O primeiro passo foi destituir seu vice-presidente, Jorge Glas. Na sequência, alterou a lei de comunicações, a famosa Ley de Medios do Equador, tirou o Equador da ALBA (Aliança Bolivariana das Américas), rompeu as relações do país com o governo Maduro e reconheceu Juan Guaidó como presidente da Venezuela, contratou empréstimos com o FMI (algo que Correa havia conseguido eliminar), retirou o país da Unasul, sendo que a sede do bloco ficava em solo equatoriano, tirou Julian Assange da embaixada do Equador em Londres como um aceno para os EUA, se alinhou e se aliou a Trump dando o carimbo final do lado em que se encontrava.

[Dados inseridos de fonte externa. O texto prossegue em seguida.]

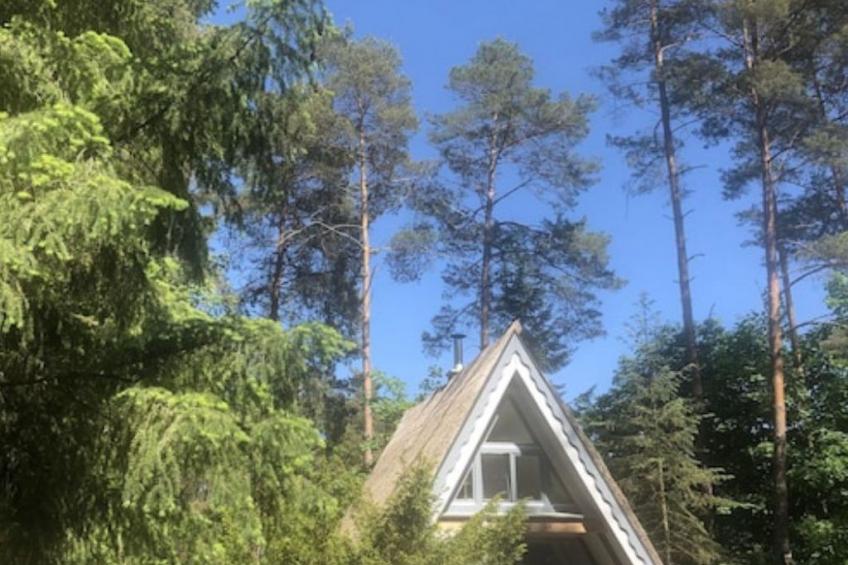 Reetdach Ferienhaus am Lübbesee Sauna Bootsteg neu - foto 29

Foi sob sua condução que o Equador viveu a tragédia humanitária durante o auge da pandemia de Covid em que se multiplicavam corpos de pessoas falecidas sem socorro pelas casas e ruas de Guayaquil. Foram quatro ministros da saúde, muita corrupção e muitos mortos de covid.

Em seu período o nível de pobreza da população foi de 21% para 38%. Com a pandemia, a contração econômica foi de 9,5%. A popularidade de Moreno foi de 77% no início do mandato para 4,8% no final do mandato em 2021, o mais impopular da história democrática do país.

Na eleição para o sucessor de Moreno, uma grande divisão na sociedade equatoriana, fez com que o projeto da “revolución ciudadana”, representado por Andrez Arauz, e o projeto dos setores indígenas, especialmente os pachacuti, representado por Yaku Perez, saíssem separados no primeiro turno. Em uma dramática definição sobre quem iria para o segundo turno com Arauz, por poucos votos Lasso ficou melhor posicionado.

O candidato Perez então puxou o voto nulo que chegou a 17%, quando a média nacional é de 8%. Antigas mágoas do movimento indígena e outros movimentos sociais ainda do governo Correa dificultaram a unidade no segundo turno. A divisão entre a esquerda, movimentos populares e indígenas fez com que Guillermo Lasso, o banqueiro das offshores, e que não deixou suas atividades privadas ao ser eleito, voltasse à cena política equatoriana, levando a população novamente à pobreza e migração massiva.

O Lasso que hoje tenta fugir do juízo com um autogolpe para se livrar da justiça e entregar favores aos seus nos últimos meses de sobrevida fez mais uma vez um mal enorme ao Equador. Agora chega uma nova eleição e uma nova chance para o povo equatoriano se unir em torno de um projeto popular e progressista que abarque a diversidade e a força da sociedade equatoriana.